The universal pattern of energy flow from atoms to galaxies to the universe itself is infinitely nested and scalar Torus flow. - The Resonance Project


Energy flows are the building blocks of the universe – at least when seen through the scientific theories that followed classical thermodynamics. Energy moves in many channels and often nonlinear directions, and in all dynamic, far-from-equilibrium systems (Schneider & Sagan, see especially 'The River Must Flow: Open Systems' of their book Into the Cool). Energy streams engulf us all (listen to 'We Are All Connected' in the Symphony of Science series, a sampling featuring Carl Sagan, Richard Feynman, Neil deGrasse Tyson and Bill Nye). Again, these ideas are not new. They find their discursive ancestors in much earlier times and places, above all in Asia, and also in non-scientific communities: dating back to the 5th century BC, qi is a very old expression in Chinese culture for this idea. The sign, appropriately brushed as three wavy lines, is frequently translated as ‘energy flow’, or that which pertains to any living organism. Literally meaning ‘air’ or ‘breath’, it is similar to Hindu prana, which is the life 'ener-chi' one can access when practicing yoga.
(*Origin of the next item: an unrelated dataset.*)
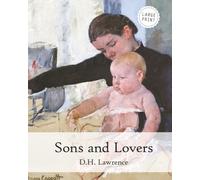 Sons and Lovers (Large Print)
Such Eastern practices meet Western traditions in studies and therapies of life energy processes which draw on energy concepts from the natural sciences as well as the humanities. Finally, i-no-chi, the Japanese word for lifemeans 'energy of breath', as Nakeshi Naganuma explains (2009: 835). In his paper, written from the standpoint of astrobiology, the scientist includes an extract from the Medieval essayist and poet Kamo-no-Chomei (1155-1216), which also testifies to the fluid and constantly changing existence of human and nonhuman life: 'The flowing river never stops and yet the water never stays the same. Foam floats upon the pools, scattering, reforming, never lingering long. So it is with man and all his dwelling places here on earth' (829). This notion is visualised on the same page with the drawing of Vitruvian Man as a vortex, consisting of molecules flowing in and out of the body. As these images suggest, change comes from the movement within a system, which is also expressed in Jane Bennett's definition of qi, or shi in her spelling, as 'the style, energy, propensity, trajectory, or élan inherent to a specific arrangement of things' (2010: 35). Here again, as already emphasised in the previous section of this book, we are made aware that open systems – including ourselves – owe their agency to the sum of the vital materialities that constitute them.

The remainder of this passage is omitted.